- _AIM OF THE EXERCISE_: In the copy, every line of the material that follows must appear exactly, and no pictures should.

☆ ☆ ☆ ☆ ☆ ☆ ☆

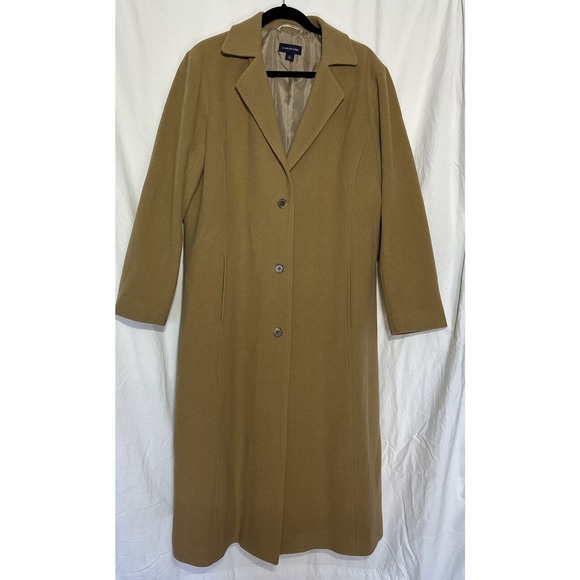 Lands End USA Camel Long Wool button up winter Coat womens size 16W‎ F12 - Picture 1 of 6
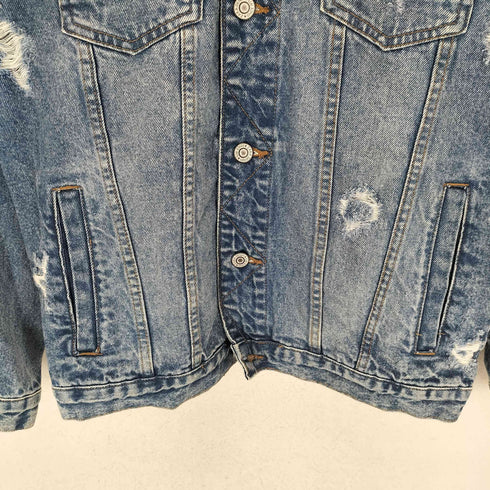 ザラ ZARA ダメージ加工バックプリントデニムジャケット メンズ import:L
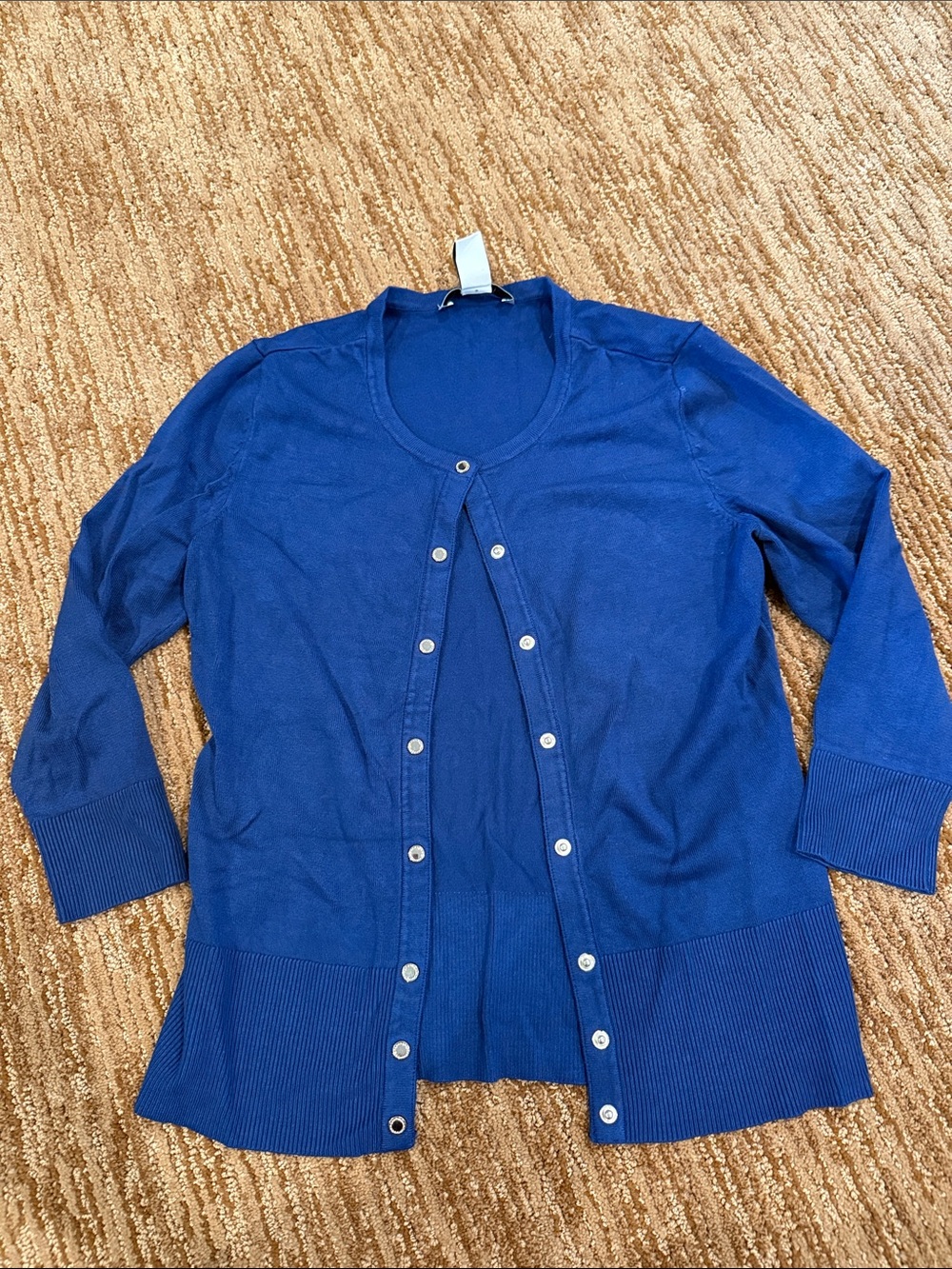 White House Black Market Royal Blue Button-Front Cardigan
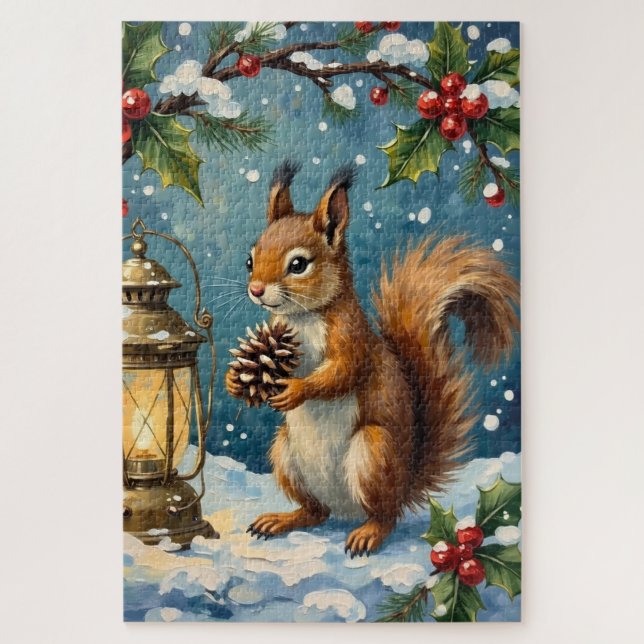 Vintage Squirrel with Christmas Lantern Winter Jigsaw Puzzle (Vertical)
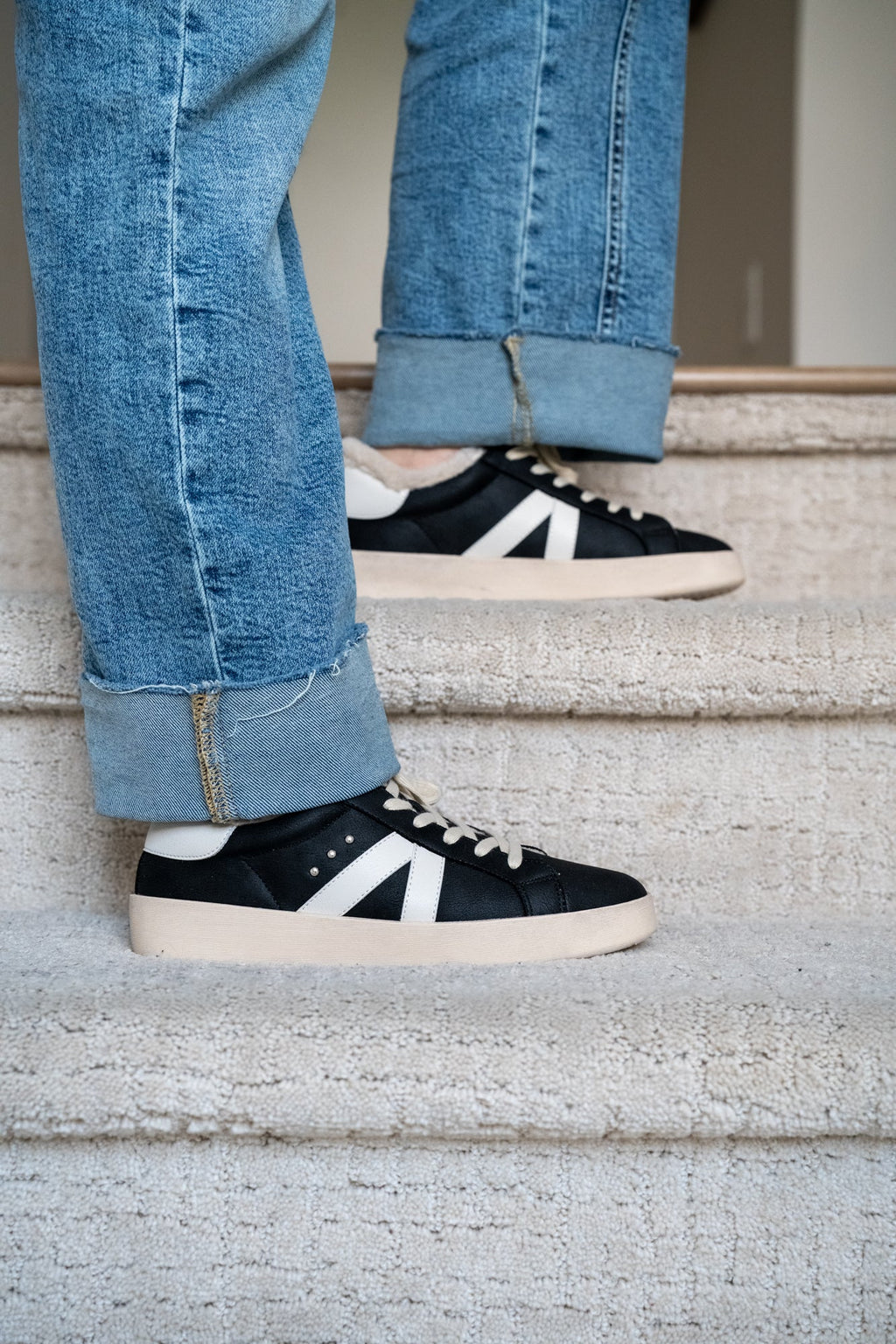 Corkys No Chaser Black Vegan Leather Sneaker with Faux Fur Lining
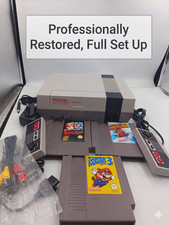 Nintendo NES Console With Mario 1, 2 & 3 Games Bundle Complete Set Up Restored
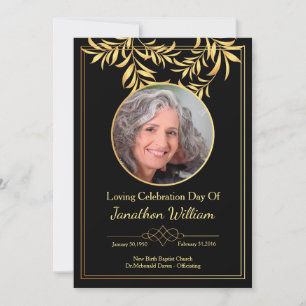 Black & Gold Funeral Program Kaart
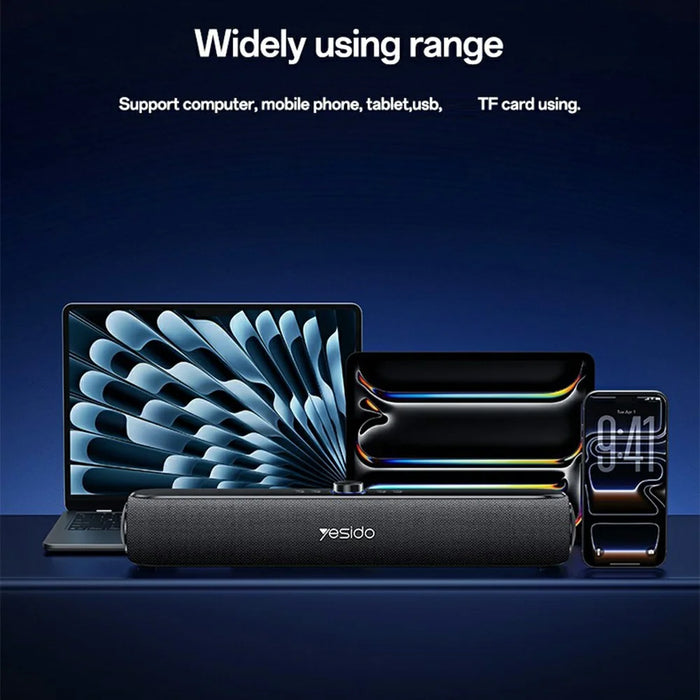 YESIDO YSW42 Wireless Bluetooth-compatible Speaker HiFi Sound Portable 20W Desktop Soundbar Support TF Card - Black - 6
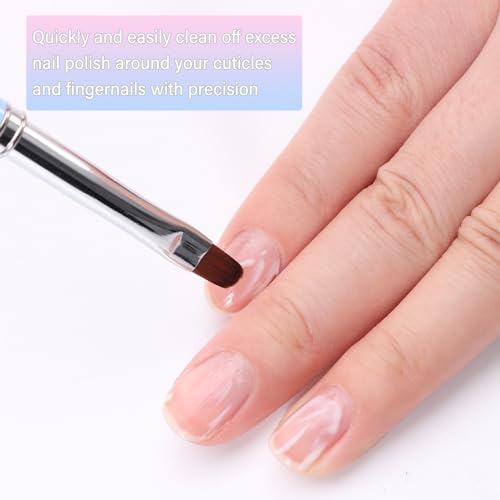 INENK Blue Nail Clean Up Brushes Set - 3 Pcs Precision Cuticle & Polish Remover Tools
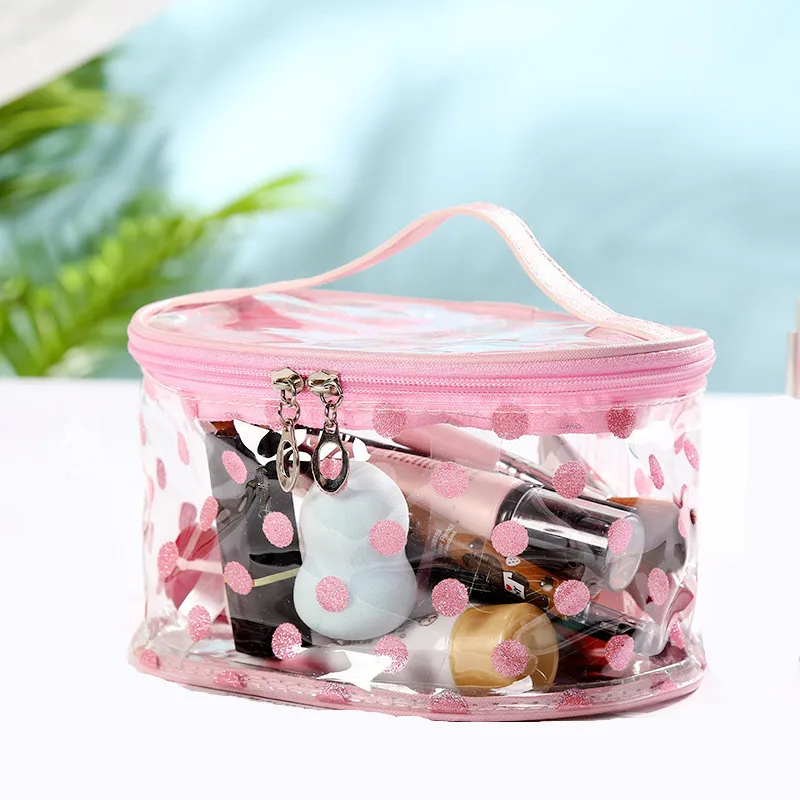

eTya Women Big Transparent Cosmetic Bag Travel Female PVC Makeup Bags Wash Toiletries Storage Tote Organizer Cases Pouch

☆ ☆ ☆ ☆ ☆ ☆ ☆

- _RESPONSE TO THIS TASK_:
 Lands End USA Camel Long Wool button up winter Coat womens size 16W‎ F12 - Picture 1 of 6
 ザラ ZARA ダメージ加工バックプリントデニムジャケット メンズ import:L
 White House Black Market Royal Blue Button-Front Cardigan
 Vintage Squirrel with Christmas Lantern Winter Jigsaw Puzzle (Vertical)
 Corkys No Chaser Black Vegan Leather Sneaker with Faux Fur Lining
 Nintendo NES Console With Mario 1, 2 & 3 Games Bundle Complete Set Up Restored
 Black & Gold Funeral Program Kaart
 YESIDO YSW42 Wireless Bluetooth-compatible Speaker HiFi Sound Portable 20W Desktop Soundbar Support TF Card - Black - 6
 INENK Blue Nail Clean Up Brushes Set - 3 Pcs Precision Cuticle & Polish Remover Tools

eTya Women Big Transparent Cosmetic Bag Travel Female PVC Makeup Bags Wash Toiletries Storage Tote Organizer Cases Pouch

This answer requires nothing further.